▶ _What you will do_: First find the line with "Environment,replacing cotton swabs", then reproduce it and all following lines of the data to the end, exactly and with no pictures, adding nothing.

▶ _Information shown_:
_ _ _ _
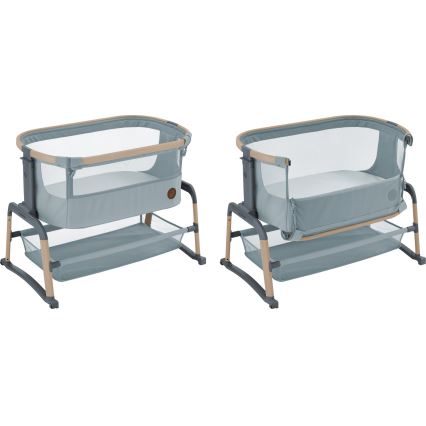 Maxi-Cosi - Детская кроватка IORA AIR серый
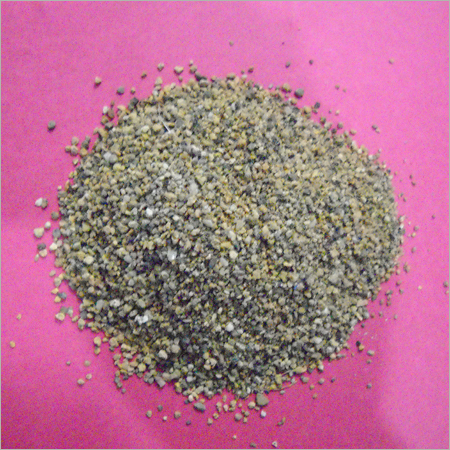 Refractories Bed Material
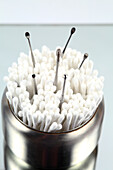 Environment,replacing cotton swabs with metal tools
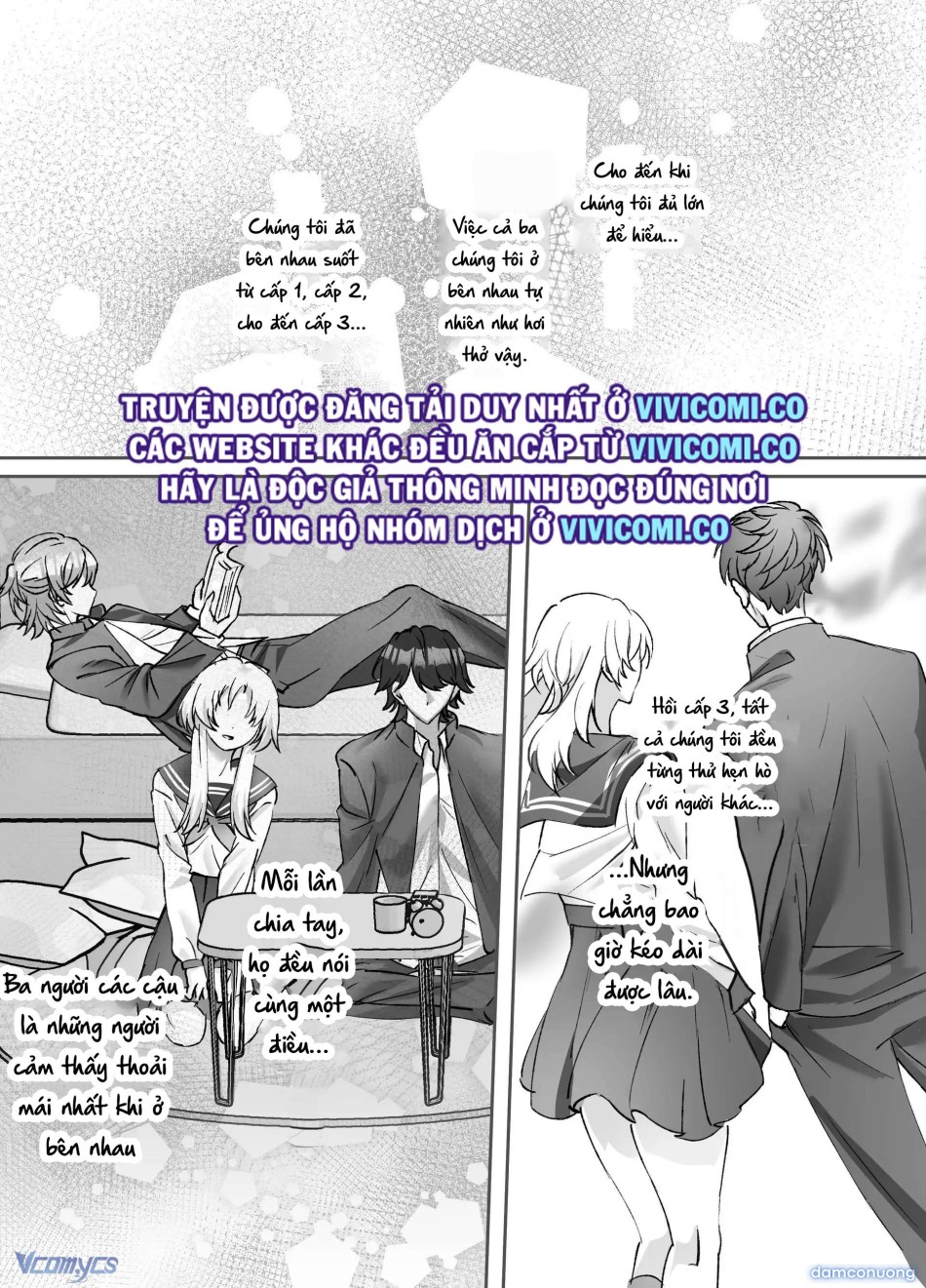 [18+] Tuyển Tập Truyện Ngắn Manga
_ _ _ _
▶ _Result of the exercise_:
 Environment,replacing cotton swabs with metal tools
 [18+] Tuyển Tập Truyện Ngắn Manga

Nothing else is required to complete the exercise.